Distributed R for Big Data

Arrays for big data

Distributed R is a system for large scale machine learning and graph processing. It enables and accelerates complex, big-data analysis.

Starting from the open source R language and system, it adds reliable distributed processing, efficient computation over sparse datasets, and incremental processing.

We have written a variety of parallel algorithms in this framework, from clustering, to shortest path and PageRank for graphs, to Smith-Waterman sequence alignment.

How does it work?

The framework exposes a simple primitive, the distributed array that stores data across a cluster. Arrays act as the single abstraction to efficiently express both machine learning algorithms, which primarily use matrix operations, and graph algorithms, which manipulate the graph’s adjacency matrix.

Why use arrays?

Our framework complements big data analysis systems like Hadoop MapReduce.

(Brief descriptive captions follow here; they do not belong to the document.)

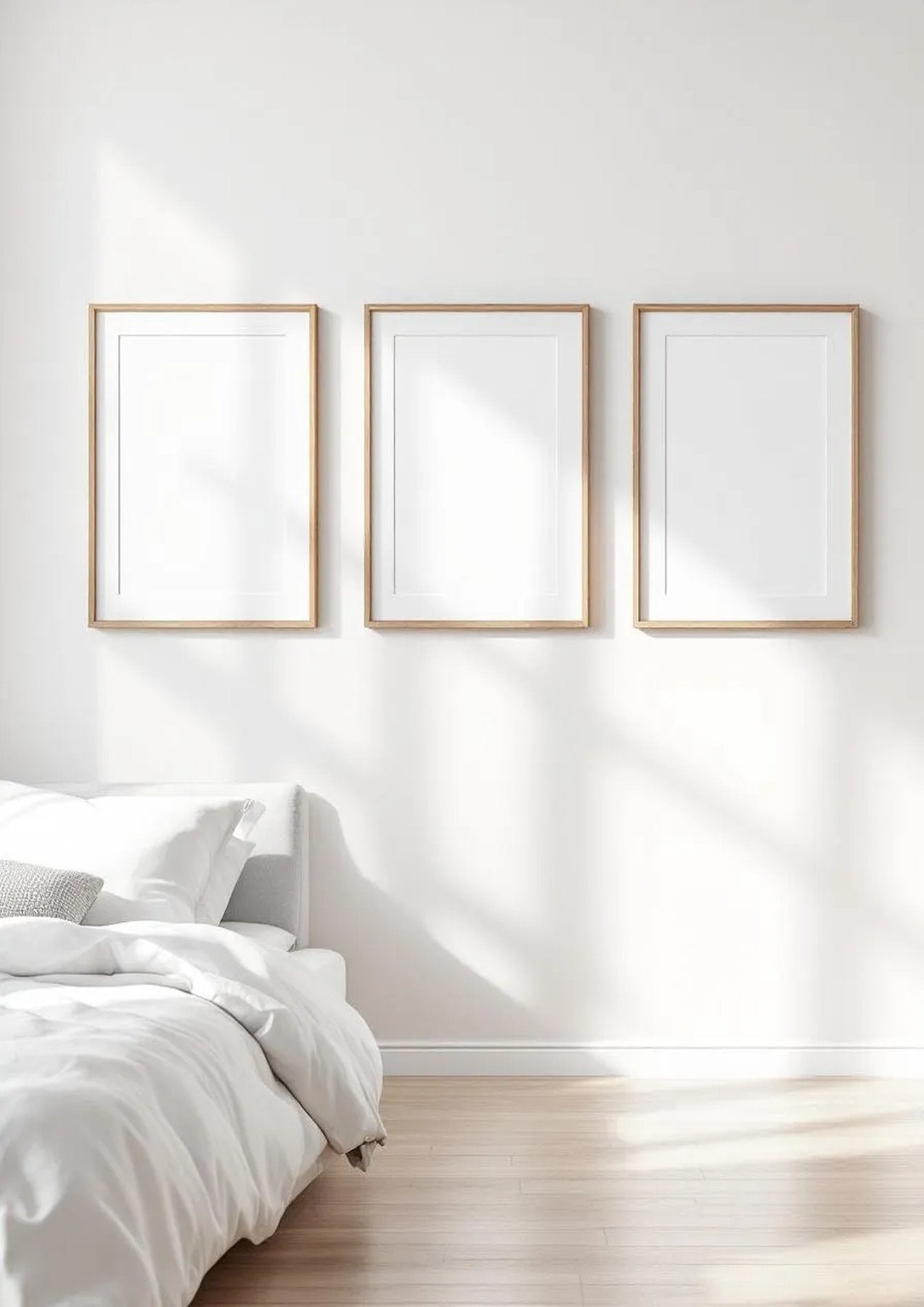 White Bedroom Interior Frame Mockup — Natural Oak Frame Portrait 4:5 — Perspective View — #03759 | MockupBulk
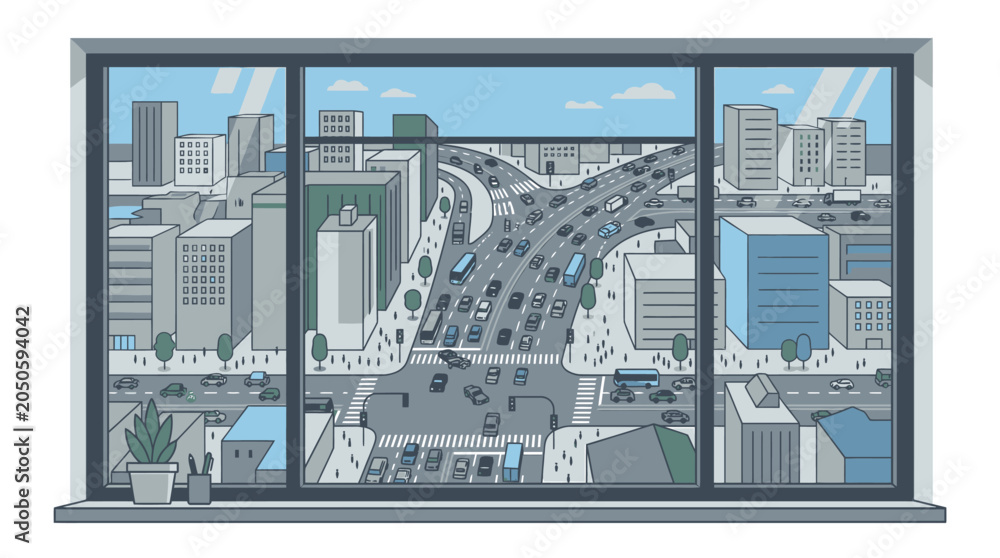 Obraz premium Cityscape View From Window Highrise.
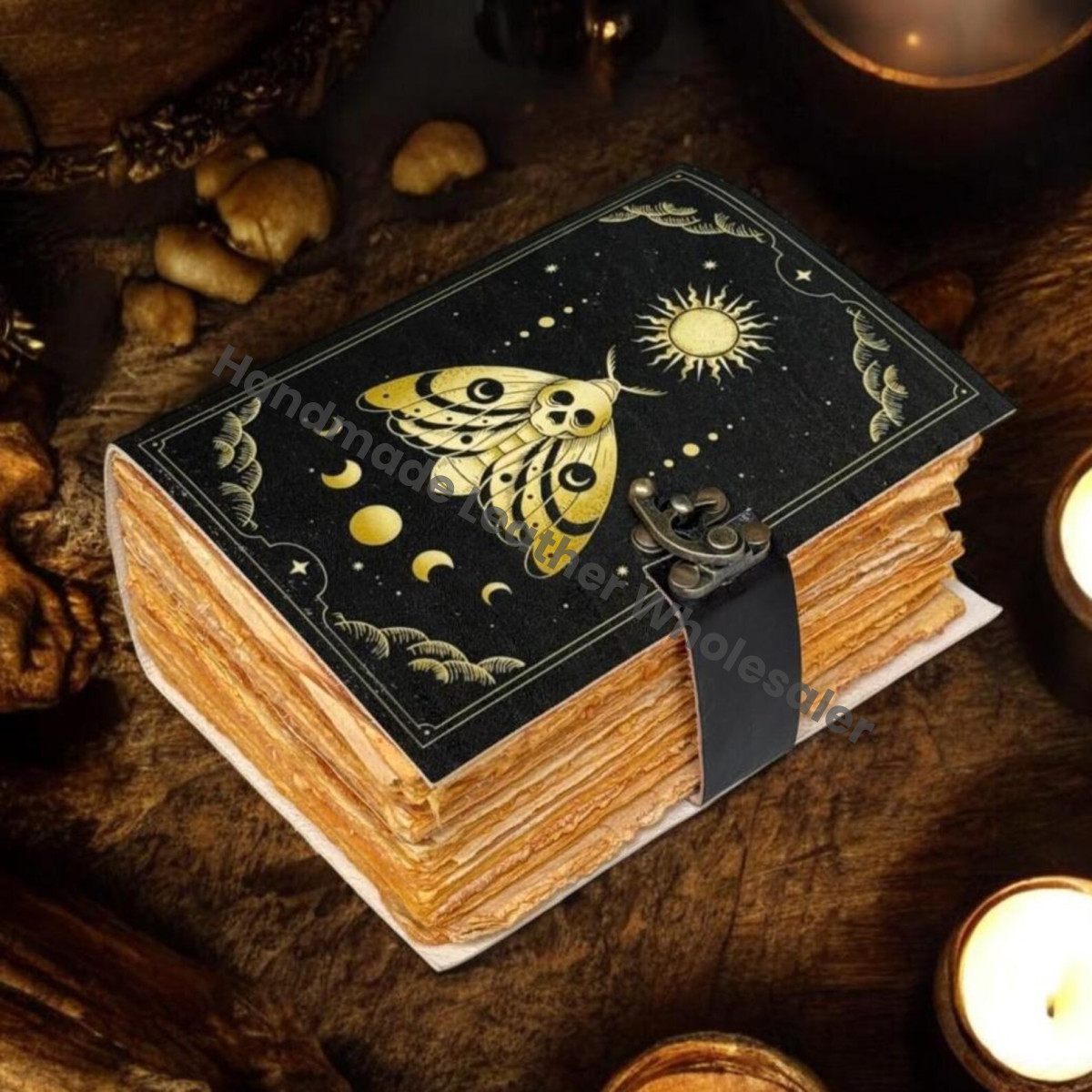 Luna Moth Leather Grimoire: Vintage Spell Book of Shadows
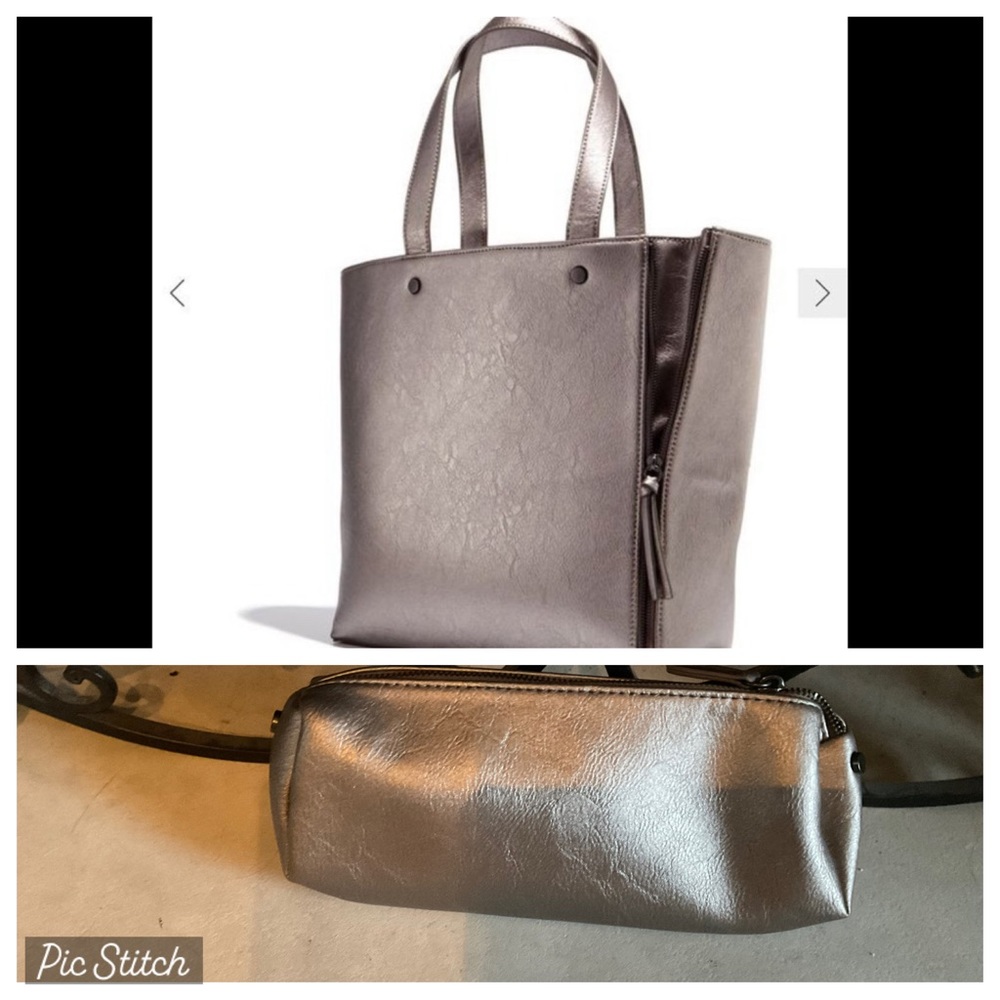 Neiman Marcus Gunmetal metallic grey zipper Large tote + Makeup bag NEW
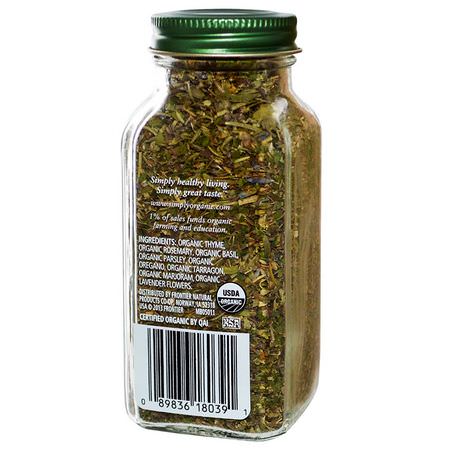 香料, 草藥: Simply Organic, Herbes De Provence, 1.00 oz (28 g)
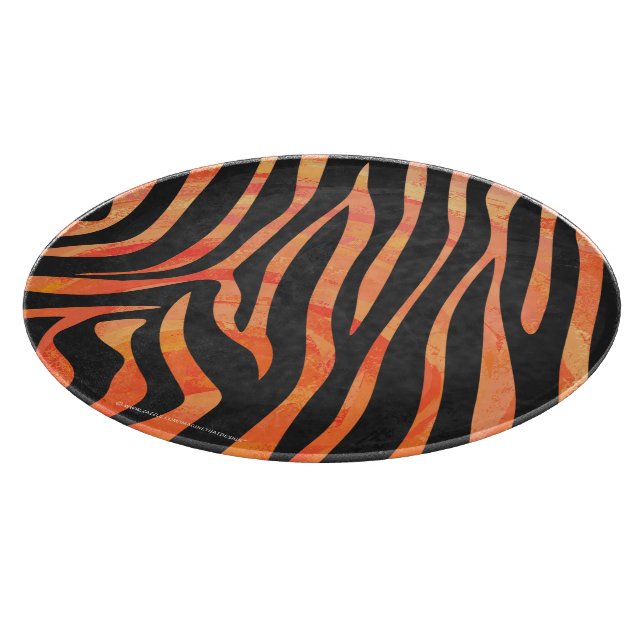 Zebra Black and Orange Print Cutting Board (Corner)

Unlike these systems, our framework efficiently executes complex algorithms such as machine learning, graph processing, and advanced statistical analysis. For example, our system is more than 20 times faster than Hadoop MapReduce for clustering, PageRank, and other analyses.

By extending R, we allow programmers to leverage optimized math libraries and reuse the many freely available R analytics packages. Our framework is also a natural fit for analytic databases such as Vertica, thus extending SQL functionality with advanced statistical analysis.